37. In Egypt, the Communist Party will be able to play an important role in the national movement, but only if it bases itself on the organised proletariat. The organisation of trade unions among the Egyptian workers, the strengthening of the class struggle and leadership in the class struggle are consequently, the first and most important tasks of the Communist Party. The greatest danger to the trade-union movement in Egypt at the present time lies in, the bourgeois nationalists getting control of the workers’ trade unions. Without a decisive struggle against their influence, a genuine class organisation of the workers is impossible. One of the essential defects of the Egyptian communists in the past has been that they have worked exclusively among the urban workers. A correct setting out of the agrarian question, the gradual drawing into the revolutionary struggle of the wide masses of agricultural workers and peasants, and the organisation of the these masses, constitutes one of the most important tasks for the party. Special attention needs to be devoted to the building up of the party itself, which is still very weak.

Northern Africa

38. In the French colonies of North Africa, the communists must carry on work in all the already existing national-revolutionary mass organisations in order to unite through them the genuine revolutionary elements on a consistent and clear platform of a fighting bloc of workers and peasants. As far as the organisation “Etoile Nord Africain” is concerned, the communists must secure that it develops, not in the form of a party, but in the form of a fighting bloc of various revolutionary organisations, collectively associating with it as a whole the trade unions of industrial and agricultural workers, peasant unions, etc. In so doing, it is necessary to guarantee the leading role of the revolutionary proletariat, and for this purpose it is necessary, above all, to develop the trade-union movement as the most important organisational mass basis for communist influence. The achievement of .an ever closer cooperation of the revolutionary sections of the white proletariat with the native working class must be our constant task. In the agrarian question, it is necessary to be able to direct the growing hatred of the village population, evoked by the policy of expropriation conducted by French imperialism into the channels of useful organised struggle (improved organisation of strikes of agricultural workers, strengthening of unions of agricultural workers in Algiers, etc.). The communist organisation in each individual country must attract into its ranks in the first place native workers, fighting against any negligent attitude towards them. The communist parties, actively basing themselves on the native proletariat, must formally and in fact become independent sections of the Communist International.

The Negro Question

39. In connection with the colonial question, the Sixth Congress draws the close attention of the communist parties to the negro question. The position of the negroes varies in different countries and accordingly requires concrete investigation and analysis. The territories, in which compact negro masses are to be found, can be divided according to their general features into the following groups:

  1. The United States and some South-American countries, in which the compact negro masses constitute a minority in relation to the white population.
  2. The Union of South Africa, where the negroes are the majority in relation to the white colonists.
  3. The negro states which are actually colonies or semi-colonies of imperialism (Liberia, Haiti, San-Domingo).
  4. The whole of Central Africa divided into the colonies and mandated territories of various imperialist powers (Great Britain, France, Portugal, etc.). The tasks of the communist parties have to be defined in their dependence on the concrete situation.

 

In the United States are to be found 12 million negroes. The majority of them are tenants, paying rent in kind and living under semi-feudal and semi-slave conditions. The position of these negro tenant-farmers is exactly the same as that of agricultural labourers, being only formally distinguishable from the slavery that the constitution is supposed to have abolished. The white landowner, uniting in one person the landlord, merchant and usurer, employs the lynching of negroes, segregation and other methods of American bourgeois democracy, reproducing the worst forms of exploitation of the slavery period. Owing to the industrialisation of the South a negro proletariat is coming into existence. At the same time, the emigration of the negroes to the North continues at an ever-increasing rate, where the huge majority of negroes become unskilled labourers. The growth of the negro proletariat is the most important phenomenon of recent years At the same time there arises in the negro quarters – the negro ghetto – a petty bourgeoisie, from which is derived a stratum of intellectuals and a thin stratum of bourgeoisie, the latter acting as the agent of imperialism.

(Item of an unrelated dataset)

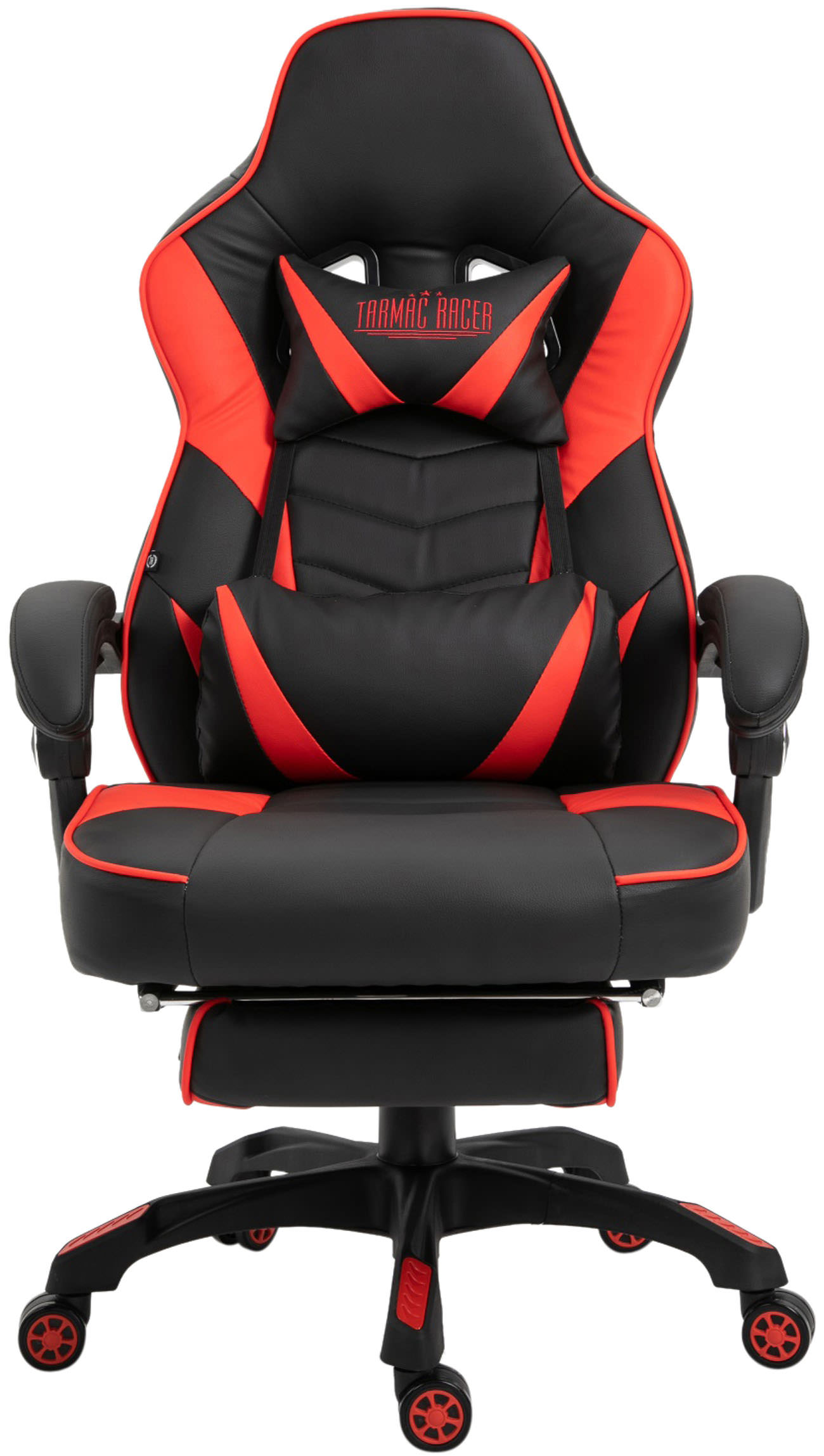 Chaise De Bureau Tilos En Simili Cuir Noir/rouge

One of the most important tasks of the Communist Party consists in the struggle for a complete and real equality of the negroes, for the abolition of all kinds of racial, social and political inequalities. It is the duty of the Communist Party to carry on the most energetic struggle against any exhibition of white chauvinism, to organise active resistance against lynching, to strengthen its work among negro proletarians, to draw into its ranks the most conscious elements of the negro workers, to fight for the acceptance of negro workers in all organisations of white workers, and especially in the trade unions (which does not exclude, if necessary, their organisation into separate trade unions), to organise the masses of peasants and agricultural workers in South, to carry on work among the negro petty-bourgeois tendencies such as “Harveyism” and to carry on a struggle .against the influence of such tendencies in the working class and peasantry. In those regions of the South in which compact negro masses are living, it is essential to put forward the slogan of the “Right of self-determination for negroes!” A radical transformation of the agrarian structure of the Southern states is one of the basic tasks of the revolution. Negro communists must explain to non-negro workers and peasants that only their close union with the white proletariat and joint struggle with them against the American bourgeoisie can lead to their liberation from barbarous exploitation and that only the victorious proletarian revolution will completely and permanently solve the agrarian and national questions of the Southern United States in the interests of the overwhelming majority of the negro population of the country.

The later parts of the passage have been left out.